Estas agencias asociadas incluyen el Distrito de Agua del Valle de Santa Clara en San José, la Agencia de Agua de la Zona 7 en Livermore, el Distrito Metropolitano de Agua en Los Ángeles y otras.
Pero aún quedan desafíos importantes. La Junta Estatal de Control de Recursos Hídricos, cuyos miembros son designados por Newsom, aún no ha aprobado los derechos de agua para permitir que comience la construcción.
El año pasado, la Site Reservoir Authority anunció que el precio había saltado de 4.500 millones de dólares a al menos 6.200 millones de dólares, y potencialmente a 6.800 millones de dólares.
Brown y otros tienen en cuenta la inflación del hormigón, el acero y otros materiales de construcción hasta 2021, cuando se hicieron las proyecciones originales.
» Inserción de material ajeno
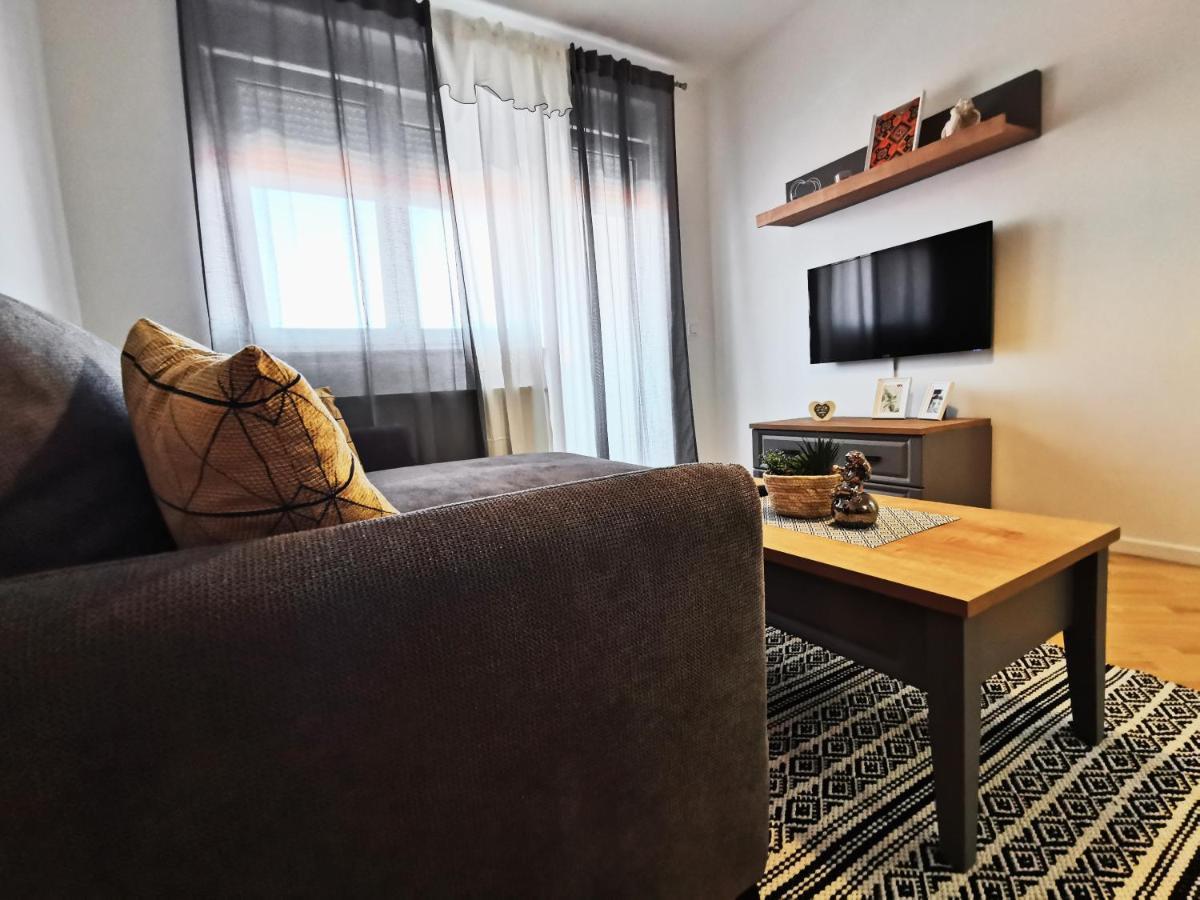 Apartman Angel Osijek Extérieur photo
Los cierres de fábricas durante la pandemia de Covid han elevado el costo de muchos materiales de construcción, y los aranceles impuestos por el presidente Trump han provocado nuevos aumentos de costos en los últimos meses.
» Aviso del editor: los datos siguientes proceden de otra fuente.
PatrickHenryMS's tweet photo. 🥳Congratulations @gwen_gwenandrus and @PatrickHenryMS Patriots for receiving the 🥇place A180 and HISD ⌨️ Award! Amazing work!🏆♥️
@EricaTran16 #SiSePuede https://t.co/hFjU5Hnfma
Aunque la mayoría de los costos serán pagados por 22 agencias asociadas que recibirán cantidades proporcionales de almacenamiento de agua en función de la cantidad que aporten, el gobierno federal aún tiene que decir cuánto pagará y cuánta agua comprará.
Además, en las últimas semanas, el proyecto ha enfrentado algunos disturbios laborales después de que varios sindicatos, liderados por Carpinteros del Norte de California, se quejaran de que el contratista de la autoridad del proyecto seleccionado para la primera parte del trabajo, Barnard Construction de Montana, no trabajó lo suficientemente estrechamente con los trabajadores sindicalizados en California en proyectos grandes. Apoyaron a otros postores, como Quit, con sede en Omaha, que ha completado proyectos como la reconstrucción del aliviadero de la presa Oroville en el condado de Butte.
En una reunión el miércoles de la Comisión del Agua de California, la agencia estatal que se espera que pague $1.1 mil millones para el proyecto, varios comisionados insistieron en que los planificadores del sitio regresen dentro de un mes después de que se resuelva la disputa laboral.
“Realmente queremos que tenga éxito”, dijo el comisionado de Berkeley, Alexander Mackler, quien se desempeña como vicepresidente ejecutivo de Calpine Corporation. “Solucionar el problema laboral”.